Assessore, è vera l’indiscrezione secondo cui per chiudere il bilancio resterebbe da trovare 1 milione e mezzo di euro?


«No, non così tanto. Si potrà arrivare al massimo a 1 milione di euro. Il decreto legislativo 66/2014 sul bonus irpef prevede una riduzione delle risorse per 114.000 euro, mentre il decreto 95/2012 sulla spending review impone una riduzione di 432.000 euro. In più, c’è la legge di stabilità 2015 che impone al comparto degli enti locali una riduzione di più di 1 miliardo di euro, ma non è ancora stato emanato il decreto attuativo per la ripartizione dei tagli sui singoli enti locali. Ad oggi quindi, ma i calcoli non sono ancora conclusi, restano sicuramente da trovare 546.000. Ribadisco: i calcoli non sono ancora conclusi, si potrà arrivare al milione di euro, ma 1 milione e mezzo mi sembra troppo».

 

Aumenterete tasse o taglierete finanziamenti ai servizi?
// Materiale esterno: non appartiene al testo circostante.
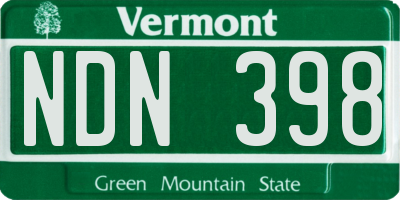 VT license plate NDN398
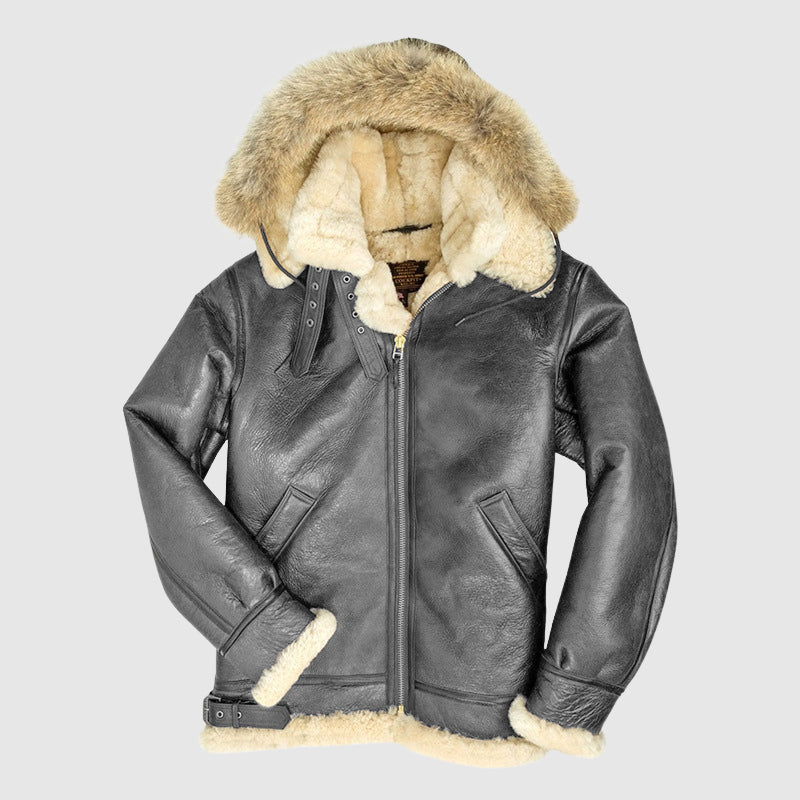 Black fur lined pilot jacket oversized faux shearling collar aviator cut with buckle detail and full zip closure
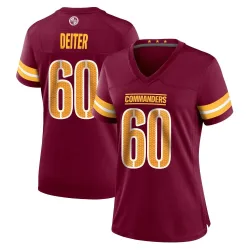 Washington Commanders Women's Game Burgundy Jersey (60 Michael Deiter)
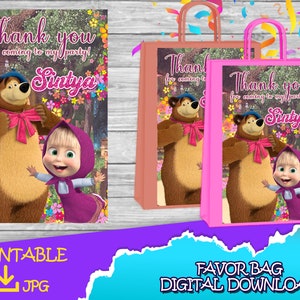 Festa di compleanno di Masha e Orso - Etichetta borsa favore - DOWNLOAD DIGITALE - Stampabile - Forniture di compleanno. Sacchetto bomboniera 21,5x14cm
«Non essendosi ancora concluso l’iter di bilancio, la cosa che si può dire al momento è che quest’anno non aumenteremo le aliquote dei tributi comunali, ma agiremo sul taglio alla spesa».

 

Quindi taglio dei servizi?

«Non necessariamente. E’ possibile risparmiare sulle spese delle utenze. Il Comune ha infatti aderito al CET, il Consorzio toscano dell’energia per un abbattimento delle tariffe sull’illuminazione pubblica che ci farà risparmiare qualche centinaio di migliaia di euro».

 

Non essendo ancora concluso l’iter di bilancio, non è dunque ancora possibile parlare dei principali stanziamenti, delle singole voci di bilancio e relativi importi. Entro quando pensate di concludere l’iter?

«Sì, non è ancora possibile trattare dei singoli capitoli di spesa. Entro il 31 maggio al massimo il bilancio di previsione sarà approvato».

 

Ci sono avanzi di amministrazione? Come pensate di impiegarli?

«Il 30 aprile in Consiglio Comunale approveremo il bilancio consuntivo 2014. Sì, ci sono avanzi di amministrazione per 6.222.000 euro, che abbiamo così ripartito: fondo vincolato per le spese per investimenti: 2.797.000 euro. Rimangono dunque 3.425.000 euro. Di questi, 3.107.000 euro saranno destinati per coprire innumerevoli voci di spesa e poi ci sono 242.000 euro di avanzo libero da applicare nel 2015 e 74.000 euro per fondi di ammortamento, obbligatori per legge».

 

Quali sono le voci più importanti all’interno di questi  3.107.000 euro?

«Il fondo svalutazione crediti, cui abbiamo destinato 1.200.000 euro e un avanzo vincolato per la Cittadella dello Sport».

 

Approfondiamo questo secondo punto.

«I 420.000 euro stanziati quest’anno si andranno ad aggiungere al 1.200.000 euro accumulato negli anni precedenti e siamo a 1.620.000 euro. Le perizie effettuate hanno valutato l’immobile in questione per 2.700.000 euro. Noi avevamo già pagato dal 2009 al 2011 rate scadute per 1.100.000 euro. Sommando a questo il 1.200.000 euro di cui parlavo prima e i 420.000 euro stanziati quest’anno si arriva alla cifra cui è stato valutato l’immobile di 2.700.000 euro. Pertanto, pur auspicando che ci sia da parte della magistratura una completa sollevazione da responsabilità per il Comune di Collesalvetti – e quindi sperando che ci venga restituito anche il 1.100.000 euro già versato – laddove ci fosse un esito processuale diverso, chi amministrerà questo Comune dopo di noi, fra 6/7 anni, quando probabilmente sarà emessa la sentenza, sarà in grado di pagare».